Agents sue club boss over fees for star duo

Marumo Gallants’ attacking midfielder Thabo Mnyamane and goalkeeper Washington Arubi are caught in the middle of the legal tussle between their football agents and soccer boss, Lawrence Mulaudzi.

Mede8 Sports and MSC Sports are suing the businessman and his associates Tshifumulo Mulaudzi and Thilivahale Mulaudzi, in their capacities as the trustees of Black Gold Family Trust, for failing to pay the agents more than half a million rand for two separate deals.

The agencies filed papers in the Joburg High Court last week, in which they are asking for a judgment against the trust as owners of Tshakhuma Tsha Madzivhandila (TTM), who are currently campaigning in the National First Division.

When Mnyamane joined the team, the Limpopo side was campaigning in the money-spinning DStv Premiership, after the tycoon bought the status of Wits FC from the previous owners and changed its name to TTM.

After experiencing financial difficulties Mulaudzi sold the outfit to Polokwane businessman Abram Sello, who changed its name to Marumo Gallants.

In the court papers in our possession, Mede 8 Sports’ lawyer Evert Rudolph De Bruyn of De Bruyn Attorneys, said in October 2020 the trust mandated the agency to buy Mnyamane on its behalf, who was then playing for SuperSport United, to join TTM.

He said they agreed that the trust would pay Mede8 Sports R313 000 in two equal installments.

The first installment was supposed to have been paid on October 31 2020 and the second on July 31 last year.

De Bruyn said that after buying Mnyamane for the club, the trust failed to pay the agency for its services.

According to the court papers, the agency was seeking a judgment against the trust for the R313 000 plus interest at 7% a year.

De Bruyn said MSC Sports had also entered into a written agreement to buy Arubi on October 1, 2020.

The total gross package of the player for the 2020/2021 season was R615 000, and R1  010 000 for the 2021/2022 season, after the trust exercised an option in his contract to extend the player’s stay, he said.

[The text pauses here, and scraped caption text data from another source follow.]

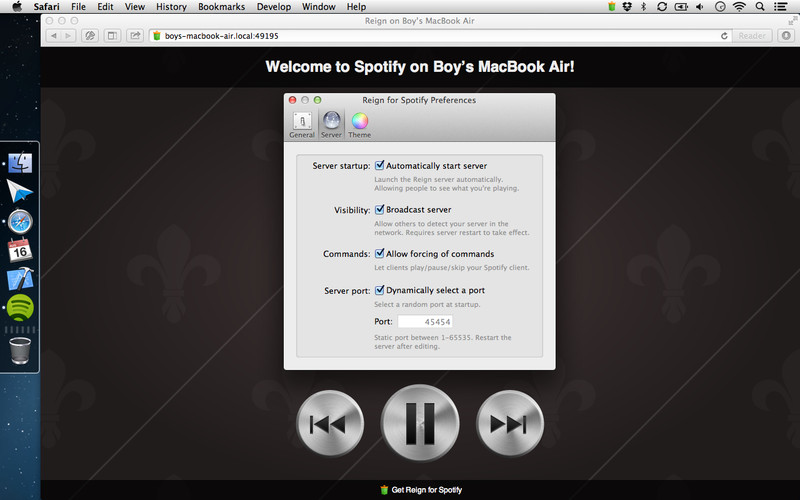 Reign for Spotify 1.0 : Reign for Spotify screenshot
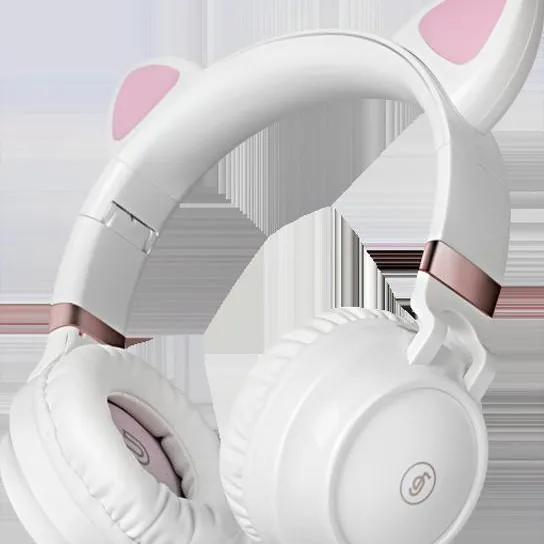 Earbud Berkabel Putih Lucu Headset Telinga Kucing dengan Mikrofon Bass Stereo Audio Gaming Headphone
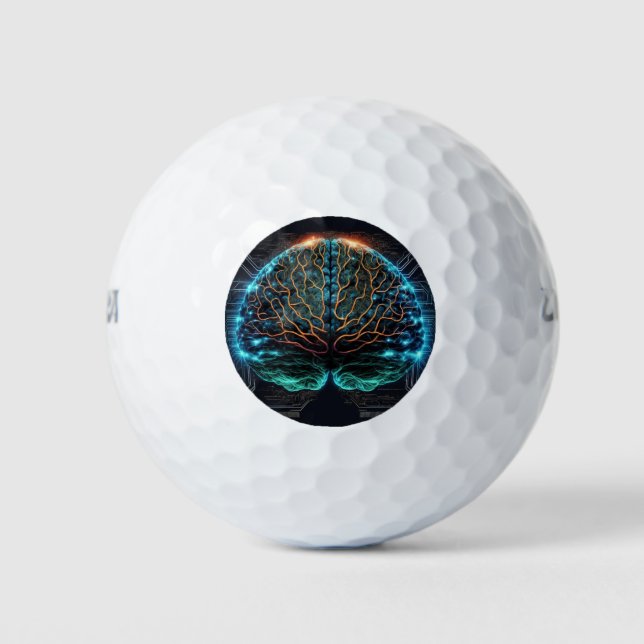 Computer Cyber Brain Golf Balls Golfball (Vorderseite)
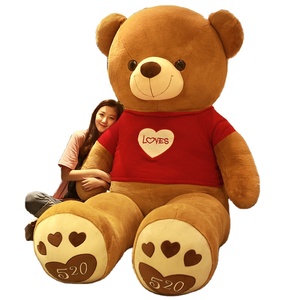 Ours en peluche doux avec T-shirt, grande taille, animaux en peluche géants, grand ours en peluche pour cadeaux de mariage - Product Image 1
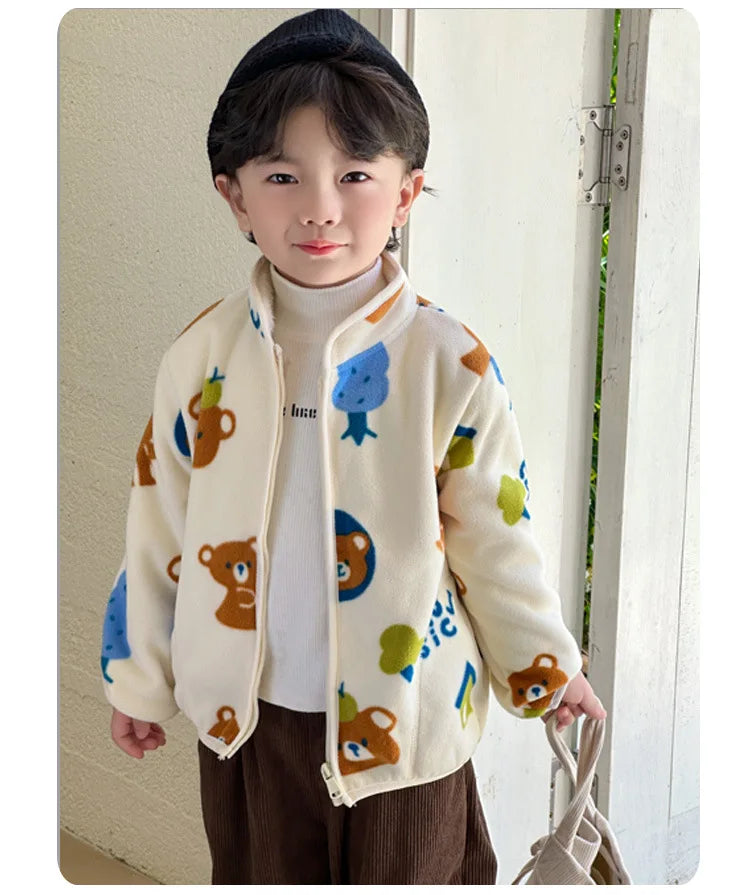 Girls Coats 1 to 8 Years Winter Children Clothes Double-Faced Heart Print Jackets Boys Plush Fleece Warm Outerwear Baby Clothing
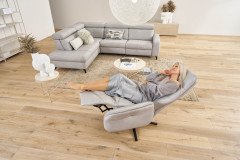 9566 von Himolla - Ledersofa Ausführung links asche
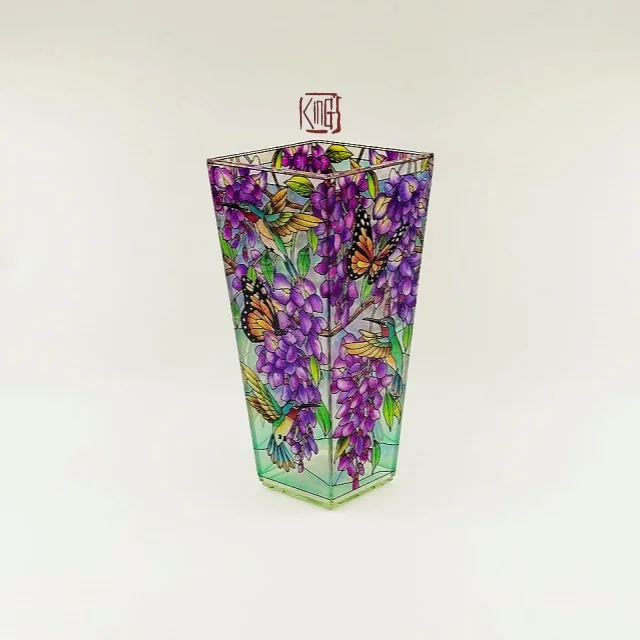 Красочная стеклянная ваза с 3D-рисунком украшение для дома заводская цена оптовая продажа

The parties, he said, agreed that the trust would pay MSC Sports a fee equal to 10% of the player’s total gross package.

“Payment would be made in two equal installments on 31 October 2020 and 31 January 2021 for the first season, and on 30 June 2021 and 31 January 2022 for the option season,” read the papers.

The trust is accused of failing to pay the total of R186 875, which the agency is seeking a judgment for, plus interest at 7% a year.